椎名:そうそう、歌がね。歌が本当にうまい人が揃っているんですけれど、うますぎると聞いていて笑っちゃうってことがあるんだな、と歌稽古の初日に思いました。スキルを磨いた方のパワーと声量を身体でドンと感じて、プレッシャーも感じましたが、そのスキルを学びたいし楽しみに思っています。
鳥越:オレノグラフィティさんの作られる楽曲が本当に素晴らしいんです。ジャンルがさまざまでキャッチーなので、聴いていて楽しいと思いますよ。
「どの回も初日で千秋楽」の思いで臨む
――お2人の今後について伺います。どのように過ごしていきたいというビジョンはありますか?
椎名:まだ35歳になったばかりなので少し先の話になりますが、40歳を過ぎてもバック転をポンポンできたらかっこいいなと思っています。よく「30歳を過ぎたら腰が痛くなるよ」とか脅されていたんですけれど、何も衰えていないです。アクションをガンガンやっても余裕です。でも、ケガは治りにくくなったかも(笑)。体力作りを続けて、今後もアクションをたくさんやっていきたいですね。
鳥越:僕は、色々なことを焦らず、変わらずコツコツと。ずっと芝居を好きでいられたらいいなと思っています。
――お2人ともいつもモチベーションが高く前向きな印象ですが、逆に“つらいな”と感じるのはどんな時なのでしょうか。
椎名:肉体的に疲れていて、100パーセントのパフォーマンスをお客さんの前でできないかもしれない、と思ってしまう時が一番つらいです。殺陣が多ければ足をくじいたりもするし、たくさん叫べば喉も枯れて消耗します。
もしそこで無理を押して普段通り100パーセントのものを出せたとしても、反動でその次の公演では50パーセントになってしまうかもしれない…。そう考えてしまうのがつらいし、もしも実際に怪我をして100パーセントではないものをお見せすることになってしまったとしたら、その回を観てくださっている方に申し訳ないことになってしまいます。
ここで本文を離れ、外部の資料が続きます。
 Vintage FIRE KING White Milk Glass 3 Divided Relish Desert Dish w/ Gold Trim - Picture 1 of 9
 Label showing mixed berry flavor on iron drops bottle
どの回も初日であり千秋楽というつもりで、観てくれる方がいることを常に感じて本番に臨んでいます。ケガをしないように気をつけていきたいですね。
鳥越:僕が今つらいと感じるのはやっぱり、コロナの影響ですね。稽古終わりにみんなでご飯を食べたりお酒を飲んだりできないのは色々な面でダメージがあります。一緒にご飯を食べることで仲が深まって、人となりを知ることでカンパニーが温まって作品がより良くなるんです。それができないのは正直しんどい。
稽古中に「どういう意図で今の演技をしたんだろう?」と思うことがあっても、これまでだったら居酒屋で話が聞けたのに今はそれができないから、稽古場だけで完結させないといけないんです。
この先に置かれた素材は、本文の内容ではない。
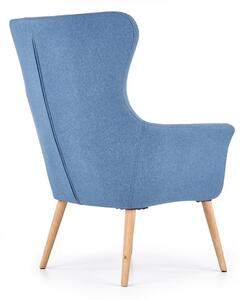 Niebieski fotel wypoczynkowy uszak skandynawski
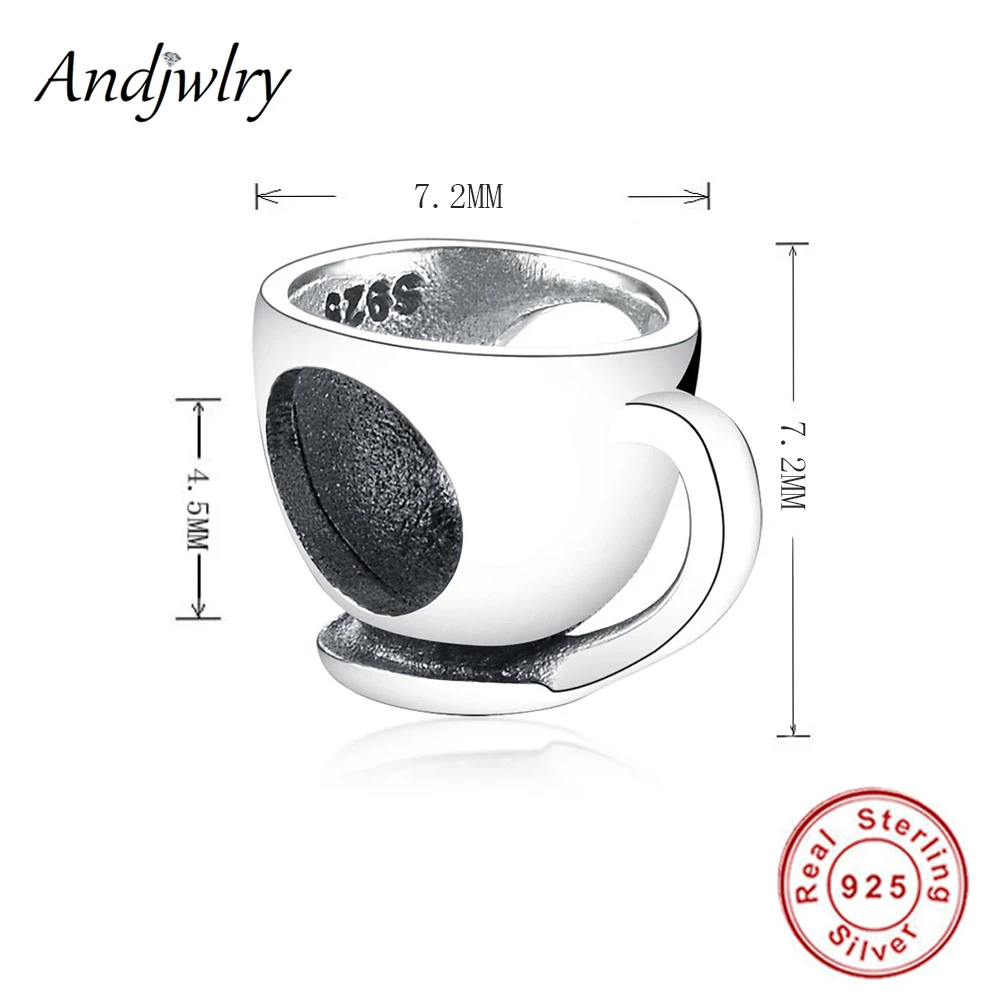 Подходит для оригинальных браслетов Pandora, 925 серебряные бусины, кофейные бусины «чашка», подвески, подвеска для изготовления 925, Berloque, сделай сам, ювелирное изделие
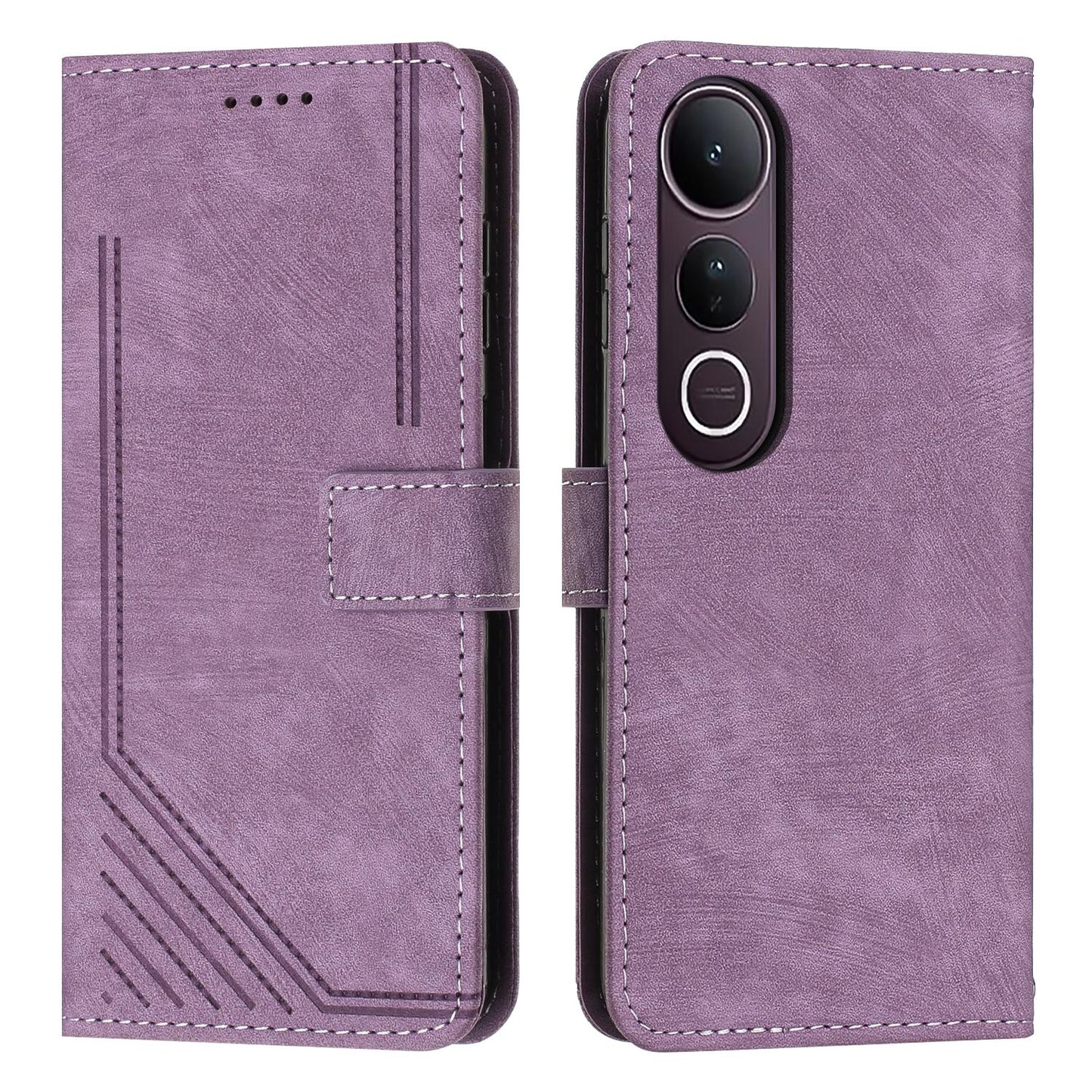 For vivo V50 Lite Skin Feel Stripe Pattern Leather Phone Case with Lanyard(Purple)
椎名:そう、ディスカッションをあまりできずに本番に入ることもあるんです。でも今のところはどの舞台でも意思疎通ができる人ばかりだったので、幸い大きな支障が生まれたことはありません。
――生活が変わり、新しく気づいたことなどはありましたか?
鳥越:長時間の稽古ができなくなってしまった代わりに、決められた短い時間でぎゅっと濃密な稽古ができるようになったと思います。今までは、特に終盤は朝から夜遅くまでというのも珍しくなかったんですけれど。
椎名: うん、効率のいい稽古ができるようになったと思う。また少し元に戻りつつあるけれど(笑)、この稽古の感じは残していけたらいいなと感じます。
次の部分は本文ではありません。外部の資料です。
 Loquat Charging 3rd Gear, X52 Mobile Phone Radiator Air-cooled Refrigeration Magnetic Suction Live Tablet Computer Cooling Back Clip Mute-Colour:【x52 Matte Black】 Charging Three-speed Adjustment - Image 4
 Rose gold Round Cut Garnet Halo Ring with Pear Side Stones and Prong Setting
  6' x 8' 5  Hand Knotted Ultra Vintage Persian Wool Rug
鳥越:それから、配信による可能性がたくさん見えてきたと思います。配信映像のカット割りがすごくうまいから、ストーリーがより分かりやすくなっていることもあります。もちろん生に勝るものはないけれど、遠征費などを考えると…と舞台を観られなかった地方の方々にも、配信によって観ていただけるようになったと思います。
椎名:僕は、エンターテインメントがファンの皆さんにとって生きる力になっていたんだなと改めて知ることができました。お手紙やSNSで、その舞台があるからお仕事を頑張れるという声や、観に行けずに本当に悲しいという声をたくさん頂いています。舞台を観たりイベントに参加したりするのを生きがいにしているという人が本当に多いんです。
何でもない日常が早く戻ればいいなと思うと同時に、鳥ちゃんも言っているように、配信の技術が進歩していくのはすごく嬉しいことですね。
――最後に、本作の見どころとメッセージをお願いします。
鳥越:前情報なく、すっとこの世界観に入って楽しんでください。クセになる作品だと思います。
椎名:ミュージカルとミステリーで「ミュステリー」というジャンルの舞台です。ミステリーと聞くとちょっと怖いのかなというイメージを持たれるかもしれないですけれど、楽しい作品に仕上がるはずです。バカバカしかったりかわいいシーンもあったりするので、楽しく観ていただけたらと思います。